Sounds wonderful. I'm going to be awful and tell you that we don't like the bi-colour corn. Only interested if it's the regular yellow stuff, which we adore and can't find any more.
 
Sounds wonderful. I'm going to be awful and tell you that we don't like the bi-colour corn. Only interested if it's the regular yellow stuff, which we adore and can't find any more.
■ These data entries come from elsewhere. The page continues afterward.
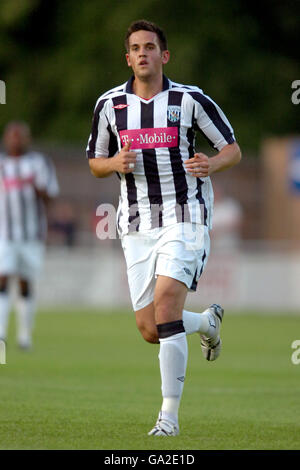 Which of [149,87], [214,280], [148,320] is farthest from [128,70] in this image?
[148,320]

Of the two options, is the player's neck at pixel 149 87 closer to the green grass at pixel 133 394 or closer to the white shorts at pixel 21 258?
the green grass at pixel 133 394

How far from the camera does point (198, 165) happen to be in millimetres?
6840

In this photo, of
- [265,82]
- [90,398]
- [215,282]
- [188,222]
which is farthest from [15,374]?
[265,82]

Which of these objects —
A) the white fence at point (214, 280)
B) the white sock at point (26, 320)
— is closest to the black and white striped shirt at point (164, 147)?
the white sock at point (26, 320)

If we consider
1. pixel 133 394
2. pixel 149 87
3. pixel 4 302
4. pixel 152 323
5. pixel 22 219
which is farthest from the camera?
pixel 22 219

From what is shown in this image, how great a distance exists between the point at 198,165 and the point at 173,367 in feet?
3.90

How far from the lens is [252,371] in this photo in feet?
36.7

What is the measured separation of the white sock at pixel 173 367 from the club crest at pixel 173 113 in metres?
1.32

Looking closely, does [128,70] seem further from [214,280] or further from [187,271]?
[187,271]

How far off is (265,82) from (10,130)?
20.6 m

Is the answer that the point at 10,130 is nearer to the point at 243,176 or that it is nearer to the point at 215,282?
the point at 215,282

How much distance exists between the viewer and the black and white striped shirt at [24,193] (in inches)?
531

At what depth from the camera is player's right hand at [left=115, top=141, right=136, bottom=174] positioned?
6.94 metres

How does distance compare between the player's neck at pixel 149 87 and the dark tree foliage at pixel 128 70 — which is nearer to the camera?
the player's neck at pixel 149 87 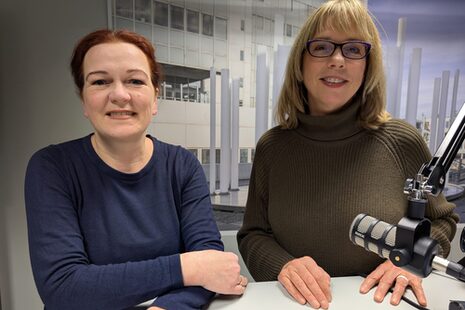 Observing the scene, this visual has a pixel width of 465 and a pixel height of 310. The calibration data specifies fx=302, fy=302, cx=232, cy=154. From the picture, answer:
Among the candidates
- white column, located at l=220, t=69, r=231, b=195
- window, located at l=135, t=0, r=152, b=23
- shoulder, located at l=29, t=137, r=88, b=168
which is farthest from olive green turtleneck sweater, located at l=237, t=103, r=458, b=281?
window, located at l=135, t=0, r=152, b=23

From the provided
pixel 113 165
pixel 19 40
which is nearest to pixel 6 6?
A: pixel 19 40

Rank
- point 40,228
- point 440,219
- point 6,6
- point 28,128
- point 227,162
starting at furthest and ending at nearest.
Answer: point 227,162, point 28,128, point 6,6, point 440,219, point 40,228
We usually plant three varieties. The bi-coloured corn tends to mature earlier than the white (Silver Queen--last corn of the season) and the yellow (which I can't remember the variety). Most people I know who have corn at roadside stands start the season with the bi-colour, move to a yellow variety, and then finish the season with Silver Queen or a simliar variety. Silver Queen is supposedly the best of the three for freezing.
 
We usually plant three varieties. The bi-coloured corn tends to mature earlier than the white (Silver Queen--last corn of the season) and the yellow (which I can't remember the variety). Most people I know who have corn at roadside stands start the season with the bi-colour, move to a yellow variety, and then finish the season with Silver Queen or a simliar variety. Silver Queen is supposedly the best of the three for freezing.
White would be nice too, if it isn't sweet like the bicolour.

If nothing not bicolour is ready, I will understand. I can hardly wait to see you.
 
Does anyone have a favourite recipe for maque choux? Or do you just throw the stuff together?

I follow a recipe I found on the internet. I printed it out, but probably have the link. I'll look for it and post it.